(RECORD SET begins)
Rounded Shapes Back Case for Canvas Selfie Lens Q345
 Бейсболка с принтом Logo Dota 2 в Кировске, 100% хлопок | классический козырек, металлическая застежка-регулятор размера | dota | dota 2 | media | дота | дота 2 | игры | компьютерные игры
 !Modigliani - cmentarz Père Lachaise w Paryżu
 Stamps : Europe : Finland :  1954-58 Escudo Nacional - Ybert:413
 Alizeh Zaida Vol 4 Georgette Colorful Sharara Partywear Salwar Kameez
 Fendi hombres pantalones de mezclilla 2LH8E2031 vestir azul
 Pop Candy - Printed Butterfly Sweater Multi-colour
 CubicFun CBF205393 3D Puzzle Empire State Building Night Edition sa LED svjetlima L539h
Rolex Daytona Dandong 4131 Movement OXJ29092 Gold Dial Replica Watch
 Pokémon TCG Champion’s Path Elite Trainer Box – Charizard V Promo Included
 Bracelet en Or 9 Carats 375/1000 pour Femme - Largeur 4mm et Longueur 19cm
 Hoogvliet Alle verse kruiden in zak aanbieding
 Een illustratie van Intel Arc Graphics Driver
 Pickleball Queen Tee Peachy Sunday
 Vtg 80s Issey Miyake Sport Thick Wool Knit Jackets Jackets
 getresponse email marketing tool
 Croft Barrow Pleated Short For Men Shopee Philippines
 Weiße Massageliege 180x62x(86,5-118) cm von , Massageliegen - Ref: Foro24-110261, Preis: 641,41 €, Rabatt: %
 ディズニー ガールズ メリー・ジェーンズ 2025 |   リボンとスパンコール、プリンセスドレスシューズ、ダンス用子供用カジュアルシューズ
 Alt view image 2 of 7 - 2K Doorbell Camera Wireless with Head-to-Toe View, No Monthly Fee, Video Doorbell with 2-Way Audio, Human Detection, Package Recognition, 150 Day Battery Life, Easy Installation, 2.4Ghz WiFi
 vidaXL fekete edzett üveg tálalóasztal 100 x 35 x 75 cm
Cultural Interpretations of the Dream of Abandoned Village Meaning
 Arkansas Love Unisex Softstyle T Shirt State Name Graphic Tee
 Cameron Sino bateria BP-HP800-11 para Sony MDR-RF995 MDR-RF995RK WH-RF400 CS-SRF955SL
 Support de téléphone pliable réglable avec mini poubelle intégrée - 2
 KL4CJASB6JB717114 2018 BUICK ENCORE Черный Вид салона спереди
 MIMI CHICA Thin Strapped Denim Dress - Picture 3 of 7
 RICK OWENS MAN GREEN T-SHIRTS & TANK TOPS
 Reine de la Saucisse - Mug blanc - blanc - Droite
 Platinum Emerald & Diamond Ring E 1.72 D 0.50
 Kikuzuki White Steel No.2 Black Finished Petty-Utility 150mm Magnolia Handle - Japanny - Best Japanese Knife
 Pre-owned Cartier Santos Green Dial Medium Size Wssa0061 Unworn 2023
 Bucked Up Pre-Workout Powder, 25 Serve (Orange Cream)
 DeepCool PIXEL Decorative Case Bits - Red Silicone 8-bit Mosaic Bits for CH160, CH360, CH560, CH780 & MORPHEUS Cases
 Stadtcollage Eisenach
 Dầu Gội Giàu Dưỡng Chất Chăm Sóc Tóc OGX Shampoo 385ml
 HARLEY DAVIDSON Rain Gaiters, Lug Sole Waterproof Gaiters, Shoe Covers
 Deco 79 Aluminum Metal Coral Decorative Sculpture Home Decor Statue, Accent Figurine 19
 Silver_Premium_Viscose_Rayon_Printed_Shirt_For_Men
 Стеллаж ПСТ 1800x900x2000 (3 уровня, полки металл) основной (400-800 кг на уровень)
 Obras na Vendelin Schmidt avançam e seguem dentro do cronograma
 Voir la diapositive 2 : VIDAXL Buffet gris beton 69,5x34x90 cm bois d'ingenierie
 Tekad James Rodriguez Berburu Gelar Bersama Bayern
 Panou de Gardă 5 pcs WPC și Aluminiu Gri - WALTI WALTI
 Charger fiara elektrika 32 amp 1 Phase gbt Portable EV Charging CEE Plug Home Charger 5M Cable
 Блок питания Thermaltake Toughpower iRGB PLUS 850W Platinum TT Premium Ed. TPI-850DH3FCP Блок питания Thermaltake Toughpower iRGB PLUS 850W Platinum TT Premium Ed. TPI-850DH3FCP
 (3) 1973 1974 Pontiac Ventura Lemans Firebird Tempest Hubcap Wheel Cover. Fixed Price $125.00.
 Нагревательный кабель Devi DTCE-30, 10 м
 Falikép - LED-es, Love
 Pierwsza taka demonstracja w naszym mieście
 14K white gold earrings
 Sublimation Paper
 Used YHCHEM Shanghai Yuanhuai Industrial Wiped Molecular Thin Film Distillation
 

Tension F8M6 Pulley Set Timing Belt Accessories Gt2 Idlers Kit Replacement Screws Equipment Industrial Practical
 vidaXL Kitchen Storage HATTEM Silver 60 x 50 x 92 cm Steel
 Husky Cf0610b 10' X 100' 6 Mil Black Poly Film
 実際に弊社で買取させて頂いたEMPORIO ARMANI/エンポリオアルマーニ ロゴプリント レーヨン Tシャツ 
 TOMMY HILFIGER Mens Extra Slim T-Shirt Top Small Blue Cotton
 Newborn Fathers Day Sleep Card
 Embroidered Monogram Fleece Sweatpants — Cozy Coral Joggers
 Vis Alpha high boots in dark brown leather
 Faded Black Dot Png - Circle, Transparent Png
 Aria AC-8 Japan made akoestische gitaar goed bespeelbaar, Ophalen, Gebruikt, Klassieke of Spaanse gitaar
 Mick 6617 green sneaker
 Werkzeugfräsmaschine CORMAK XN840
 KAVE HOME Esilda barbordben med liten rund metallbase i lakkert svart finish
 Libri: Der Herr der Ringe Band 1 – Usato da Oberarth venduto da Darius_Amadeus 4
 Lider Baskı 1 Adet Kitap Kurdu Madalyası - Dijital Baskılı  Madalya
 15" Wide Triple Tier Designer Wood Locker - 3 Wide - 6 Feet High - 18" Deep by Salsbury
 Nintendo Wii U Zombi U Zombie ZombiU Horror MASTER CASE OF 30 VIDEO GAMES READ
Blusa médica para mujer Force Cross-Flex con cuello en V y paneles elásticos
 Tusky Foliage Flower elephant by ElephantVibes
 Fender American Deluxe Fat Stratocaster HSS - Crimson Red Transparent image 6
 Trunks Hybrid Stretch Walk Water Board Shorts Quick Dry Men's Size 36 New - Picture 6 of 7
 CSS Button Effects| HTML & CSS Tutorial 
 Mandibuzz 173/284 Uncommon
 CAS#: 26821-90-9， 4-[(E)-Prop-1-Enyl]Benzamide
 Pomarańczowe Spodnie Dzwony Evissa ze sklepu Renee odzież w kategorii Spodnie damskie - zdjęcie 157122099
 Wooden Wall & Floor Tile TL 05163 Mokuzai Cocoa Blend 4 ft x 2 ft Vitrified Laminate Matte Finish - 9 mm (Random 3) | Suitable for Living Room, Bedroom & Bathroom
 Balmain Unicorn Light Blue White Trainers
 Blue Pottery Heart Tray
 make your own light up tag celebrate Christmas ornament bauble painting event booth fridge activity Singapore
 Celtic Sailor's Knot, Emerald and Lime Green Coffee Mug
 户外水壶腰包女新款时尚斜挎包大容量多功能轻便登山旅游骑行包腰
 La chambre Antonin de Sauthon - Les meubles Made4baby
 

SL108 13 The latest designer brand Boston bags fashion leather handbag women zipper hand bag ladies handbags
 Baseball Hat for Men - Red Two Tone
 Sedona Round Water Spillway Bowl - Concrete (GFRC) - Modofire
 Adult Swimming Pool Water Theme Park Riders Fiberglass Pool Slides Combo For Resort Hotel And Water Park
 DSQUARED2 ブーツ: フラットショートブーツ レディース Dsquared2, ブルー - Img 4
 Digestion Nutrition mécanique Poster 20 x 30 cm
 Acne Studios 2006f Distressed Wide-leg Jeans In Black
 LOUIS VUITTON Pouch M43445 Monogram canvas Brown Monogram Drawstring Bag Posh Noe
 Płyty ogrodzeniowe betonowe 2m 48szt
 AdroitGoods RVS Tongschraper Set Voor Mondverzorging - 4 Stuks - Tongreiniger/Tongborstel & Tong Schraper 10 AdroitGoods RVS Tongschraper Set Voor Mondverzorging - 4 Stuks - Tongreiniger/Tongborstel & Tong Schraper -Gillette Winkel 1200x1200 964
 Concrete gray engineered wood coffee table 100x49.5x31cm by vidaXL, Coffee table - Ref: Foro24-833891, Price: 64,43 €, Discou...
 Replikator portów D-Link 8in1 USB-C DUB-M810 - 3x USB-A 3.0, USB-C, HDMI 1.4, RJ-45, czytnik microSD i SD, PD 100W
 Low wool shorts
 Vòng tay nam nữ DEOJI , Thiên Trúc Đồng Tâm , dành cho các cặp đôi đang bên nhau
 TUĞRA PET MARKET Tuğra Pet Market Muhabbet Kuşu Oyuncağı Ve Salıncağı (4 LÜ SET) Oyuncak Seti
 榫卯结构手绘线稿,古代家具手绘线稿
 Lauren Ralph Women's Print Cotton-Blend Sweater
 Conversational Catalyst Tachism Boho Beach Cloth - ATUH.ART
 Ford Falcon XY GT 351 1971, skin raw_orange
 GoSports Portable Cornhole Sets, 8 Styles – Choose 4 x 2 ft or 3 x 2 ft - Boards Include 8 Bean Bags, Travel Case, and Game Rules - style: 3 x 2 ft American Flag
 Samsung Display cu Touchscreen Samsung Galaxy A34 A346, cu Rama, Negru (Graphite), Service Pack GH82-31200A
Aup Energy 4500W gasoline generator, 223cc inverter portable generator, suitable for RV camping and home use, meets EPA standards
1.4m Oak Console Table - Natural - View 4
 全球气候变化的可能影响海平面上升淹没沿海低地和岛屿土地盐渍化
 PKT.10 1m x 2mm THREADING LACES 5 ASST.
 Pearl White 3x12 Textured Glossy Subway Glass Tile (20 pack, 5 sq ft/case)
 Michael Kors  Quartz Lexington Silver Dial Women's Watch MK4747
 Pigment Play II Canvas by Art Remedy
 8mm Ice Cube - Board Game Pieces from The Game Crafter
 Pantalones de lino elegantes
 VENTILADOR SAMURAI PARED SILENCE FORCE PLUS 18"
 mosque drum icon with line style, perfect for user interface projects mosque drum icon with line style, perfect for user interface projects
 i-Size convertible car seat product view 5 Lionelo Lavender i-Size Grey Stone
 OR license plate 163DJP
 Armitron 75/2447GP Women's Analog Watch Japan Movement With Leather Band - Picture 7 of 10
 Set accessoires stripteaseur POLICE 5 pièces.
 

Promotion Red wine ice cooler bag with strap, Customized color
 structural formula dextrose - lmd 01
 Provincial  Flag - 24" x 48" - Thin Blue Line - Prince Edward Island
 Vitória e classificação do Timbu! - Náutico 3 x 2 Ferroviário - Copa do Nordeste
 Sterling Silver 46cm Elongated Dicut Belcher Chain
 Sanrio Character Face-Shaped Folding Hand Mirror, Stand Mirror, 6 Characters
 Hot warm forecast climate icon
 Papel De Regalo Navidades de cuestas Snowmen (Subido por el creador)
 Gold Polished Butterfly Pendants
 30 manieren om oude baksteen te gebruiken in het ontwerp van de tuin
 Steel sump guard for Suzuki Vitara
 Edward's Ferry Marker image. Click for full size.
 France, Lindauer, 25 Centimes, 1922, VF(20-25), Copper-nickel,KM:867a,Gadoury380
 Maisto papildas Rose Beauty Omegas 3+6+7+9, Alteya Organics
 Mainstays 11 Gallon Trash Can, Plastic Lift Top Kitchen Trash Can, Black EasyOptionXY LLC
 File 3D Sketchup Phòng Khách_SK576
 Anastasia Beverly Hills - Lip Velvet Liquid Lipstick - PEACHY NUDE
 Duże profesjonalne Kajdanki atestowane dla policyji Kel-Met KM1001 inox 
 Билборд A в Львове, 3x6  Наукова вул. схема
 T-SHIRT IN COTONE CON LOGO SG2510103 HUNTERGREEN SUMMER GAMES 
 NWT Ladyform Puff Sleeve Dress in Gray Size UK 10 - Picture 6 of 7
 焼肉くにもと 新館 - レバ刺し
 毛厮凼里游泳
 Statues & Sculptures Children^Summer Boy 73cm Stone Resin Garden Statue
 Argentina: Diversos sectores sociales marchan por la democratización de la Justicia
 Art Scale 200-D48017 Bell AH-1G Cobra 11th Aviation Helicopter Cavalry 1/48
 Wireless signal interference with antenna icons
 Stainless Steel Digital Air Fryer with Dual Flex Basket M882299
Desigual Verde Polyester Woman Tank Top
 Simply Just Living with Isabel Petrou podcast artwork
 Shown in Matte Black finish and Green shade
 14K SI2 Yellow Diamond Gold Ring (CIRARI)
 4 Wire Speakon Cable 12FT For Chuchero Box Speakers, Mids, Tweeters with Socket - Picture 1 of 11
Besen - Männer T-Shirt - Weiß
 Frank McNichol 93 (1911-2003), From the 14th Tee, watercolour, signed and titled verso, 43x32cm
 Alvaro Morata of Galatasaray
(RECORD SET ends)
■ EXERCISE
Include the first line of the listing, the line with "Arkansas Love Unisex", and every line between them, each repeated exactly, and output only those.

■ ANSWER BOX
Rounded Shapes Back Case for Canvas Selfie Lens Q345
 Бейсболка с принтом Logo Dota 2 в Кировске, 100% хлопок | классический козырек, металлическая застежка-регулятор размера | dota | dota 2 | media | дота | дота 2 | игры | компьютерные игры
 !Modigliani - cmentarz Père Lachaise w Paryżu
 Stamps : Europe : Finland :  1954-58 Escudo Nacional - Ybert:413
 Alizeh Zaida Vol 4 Georgette Colorful Sharara Partywear Salwar Kameez
 Fendi hombres pantalones de mezclilla 2LH8E2031 vestir azul
 Pop Candy - Printed Butterfly Sweater Multi-colour
 CubicFun CBF205393 3D Puzzle Empire State Building Night Edition sa LED svjetlima L539h
Rolex Daytona Dandong 4131 Movement OXJ29092 Gold Dial Replica Watch
 Pokémon TCG Champion’s Path Elite Trainer Box – Charizard V Promo Included
 Bracelet en Or 9 Carats 375/1000 pour Femme - Largeur 4mm et Longueur 19cm
 Hoogvliet Alle verse kruiden in zak aanbieding
 Een illustratie van Intel Arc Graphics Driver
 Pickleball Queen Tee Peachy Sunday
 Vtg 80s Issey Miyake Sport Thick Wool Knit Jackets Jackets
 getresponse email marketing tool
 Croft Barrow Pleated Short For Men Shopee Philippines
 Weiße Massageliege 180x62x(86,5-118) cm von , Massageliegen - Ref: Foro24-110261, Preis: 641,41 €, Rabatt: %
 ディズニー ガールズ メリー・ジェーンズ 2025 |   リボンとスパンコール、プリンセスドレスシューズ、ダンス用子供用カジュアルシューズ
 Alt view image 2 of 7 - 2K Doorbell Camera Wireless with Head-to-Toe View, No Monthly Fee, Video Doorbell with 2-Way Audio, Human Detection, Package Recognition, 150 Day Battery Life, Easy Installation, 2.4Ghz WiFi
 vidaXL fekete edzett üveg tálalóasztal 100 x 35 x 75 cm
Cultural Interpretations of the Dream of Abandoned Village Meaning
 Arkansas Love Unisex Softstyle T Shirt State Name Graphic Tee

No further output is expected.